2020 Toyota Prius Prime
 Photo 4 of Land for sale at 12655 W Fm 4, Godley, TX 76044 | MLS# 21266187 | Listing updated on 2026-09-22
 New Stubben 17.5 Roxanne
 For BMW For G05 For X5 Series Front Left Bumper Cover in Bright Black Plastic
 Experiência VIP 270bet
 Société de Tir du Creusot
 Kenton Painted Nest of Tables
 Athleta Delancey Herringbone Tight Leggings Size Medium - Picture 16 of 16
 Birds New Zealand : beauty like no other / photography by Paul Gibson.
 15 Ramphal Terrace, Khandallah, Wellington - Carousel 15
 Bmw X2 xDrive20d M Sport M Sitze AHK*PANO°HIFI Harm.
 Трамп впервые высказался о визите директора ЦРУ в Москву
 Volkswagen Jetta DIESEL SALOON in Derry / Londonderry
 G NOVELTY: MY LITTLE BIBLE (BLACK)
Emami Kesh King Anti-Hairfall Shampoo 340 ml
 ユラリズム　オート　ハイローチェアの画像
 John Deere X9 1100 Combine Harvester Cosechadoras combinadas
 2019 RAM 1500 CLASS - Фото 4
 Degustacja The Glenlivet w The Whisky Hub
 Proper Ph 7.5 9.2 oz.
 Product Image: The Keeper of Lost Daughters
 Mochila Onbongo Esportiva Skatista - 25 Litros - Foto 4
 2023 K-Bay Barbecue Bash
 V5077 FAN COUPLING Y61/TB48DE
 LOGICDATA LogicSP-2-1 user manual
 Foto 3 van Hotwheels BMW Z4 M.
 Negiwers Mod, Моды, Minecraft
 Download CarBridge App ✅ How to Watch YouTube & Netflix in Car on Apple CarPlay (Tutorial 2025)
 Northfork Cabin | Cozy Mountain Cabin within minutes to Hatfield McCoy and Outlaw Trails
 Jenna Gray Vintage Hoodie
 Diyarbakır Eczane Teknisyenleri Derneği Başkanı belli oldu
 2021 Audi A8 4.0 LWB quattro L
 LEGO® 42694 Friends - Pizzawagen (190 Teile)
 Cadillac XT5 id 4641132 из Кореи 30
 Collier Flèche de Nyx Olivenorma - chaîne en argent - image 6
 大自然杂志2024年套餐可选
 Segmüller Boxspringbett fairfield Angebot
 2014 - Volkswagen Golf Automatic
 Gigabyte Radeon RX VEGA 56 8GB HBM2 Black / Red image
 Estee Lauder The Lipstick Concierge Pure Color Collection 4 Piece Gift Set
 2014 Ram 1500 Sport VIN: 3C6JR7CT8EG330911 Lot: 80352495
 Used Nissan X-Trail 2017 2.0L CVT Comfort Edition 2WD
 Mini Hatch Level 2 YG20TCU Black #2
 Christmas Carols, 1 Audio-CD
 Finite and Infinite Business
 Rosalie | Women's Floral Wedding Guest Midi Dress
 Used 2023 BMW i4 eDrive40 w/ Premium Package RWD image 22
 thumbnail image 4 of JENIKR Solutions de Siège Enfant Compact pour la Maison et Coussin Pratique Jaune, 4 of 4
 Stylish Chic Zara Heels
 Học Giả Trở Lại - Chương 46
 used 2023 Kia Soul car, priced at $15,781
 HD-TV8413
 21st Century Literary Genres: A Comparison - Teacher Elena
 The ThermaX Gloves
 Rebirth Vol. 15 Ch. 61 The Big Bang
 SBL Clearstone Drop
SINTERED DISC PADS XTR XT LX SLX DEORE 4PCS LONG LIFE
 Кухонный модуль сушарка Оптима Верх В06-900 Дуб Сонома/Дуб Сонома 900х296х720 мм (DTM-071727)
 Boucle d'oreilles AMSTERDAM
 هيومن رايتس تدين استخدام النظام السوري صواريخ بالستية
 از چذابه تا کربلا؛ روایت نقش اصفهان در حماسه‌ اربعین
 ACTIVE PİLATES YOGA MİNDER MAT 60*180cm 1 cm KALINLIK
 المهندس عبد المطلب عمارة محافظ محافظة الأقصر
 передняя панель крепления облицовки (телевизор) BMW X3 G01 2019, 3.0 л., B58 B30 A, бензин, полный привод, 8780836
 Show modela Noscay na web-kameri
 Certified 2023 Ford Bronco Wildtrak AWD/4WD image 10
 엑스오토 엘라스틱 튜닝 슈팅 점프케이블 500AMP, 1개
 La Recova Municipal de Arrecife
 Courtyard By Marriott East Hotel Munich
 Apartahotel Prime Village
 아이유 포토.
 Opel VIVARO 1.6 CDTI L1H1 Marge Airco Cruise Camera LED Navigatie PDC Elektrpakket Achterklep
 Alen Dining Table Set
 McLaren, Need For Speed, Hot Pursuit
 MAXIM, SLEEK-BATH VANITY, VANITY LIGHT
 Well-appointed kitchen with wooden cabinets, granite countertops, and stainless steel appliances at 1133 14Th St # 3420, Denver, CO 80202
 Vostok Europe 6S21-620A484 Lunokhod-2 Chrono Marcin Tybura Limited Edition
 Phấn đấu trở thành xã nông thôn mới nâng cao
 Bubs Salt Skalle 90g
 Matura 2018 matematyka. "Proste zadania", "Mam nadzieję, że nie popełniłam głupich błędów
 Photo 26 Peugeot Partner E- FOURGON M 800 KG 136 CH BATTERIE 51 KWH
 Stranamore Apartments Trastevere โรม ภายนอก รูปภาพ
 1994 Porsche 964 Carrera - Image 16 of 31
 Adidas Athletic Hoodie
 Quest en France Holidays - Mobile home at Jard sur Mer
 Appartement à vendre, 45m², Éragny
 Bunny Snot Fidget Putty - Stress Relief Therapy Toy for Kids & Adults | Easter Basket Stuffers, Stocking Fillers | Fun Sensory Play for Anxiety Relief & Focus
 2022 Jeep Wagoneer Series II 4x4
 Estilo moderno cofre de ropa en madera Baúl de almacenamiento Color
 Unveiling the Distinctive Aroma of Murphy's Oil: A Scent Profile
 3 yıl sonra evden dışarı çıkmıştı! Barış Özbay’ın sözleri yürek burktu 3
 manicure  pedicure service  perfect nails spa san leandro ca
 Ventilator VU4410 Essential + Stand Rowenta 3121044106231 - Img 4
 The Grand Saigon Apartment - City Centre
* * *
Return exactly, and only, the lines above starting at the line that contains "از چذابه تا" and ending at the line that contains "MAXIM, SLEEK-BATH VANITY, VANITY LIGHT".

Result for this exercise:
 از چذابه تا کربلا؛ روایت نقش اصفهان در حماسه‌ اربعین
 ACTIVE PİLATES YOGA MİNDER MAT 60*180cm 1 cm KALINLIK
 المهندس عبد المطلب عمارة محافظ محافظة الأقصر
 передняя панель крепления облицовки (телевизор) BMW X3 G01 2019, 3.0 л., B58 B30 A, бензин, полный привод, 8780836
 Show modela Noscay na web-kameri
 Certified 2023 Ford Bronco Wildtrak AWD/4WD image 10
 엑스오토 엘라스틱 튜닝 슈팅 점프케이블 500AMP, 1개
 La Recova Municipal de Arrecife
 Courtyard By Marriott East Hotel Munich
 Apartahotel Prime Village
 아이유 포토.
 Opel VIVARO 1.6 CDTI L1H1 Marge Airco Cruise Camera LED Navigatie PDC Elektrpakket Achterklep
 Alen Dining Table Set
 McLaren, Need For Speed, Hot Pursuit
 MAXIM, SLEEK-BATH VANITY, VANITY LIGHT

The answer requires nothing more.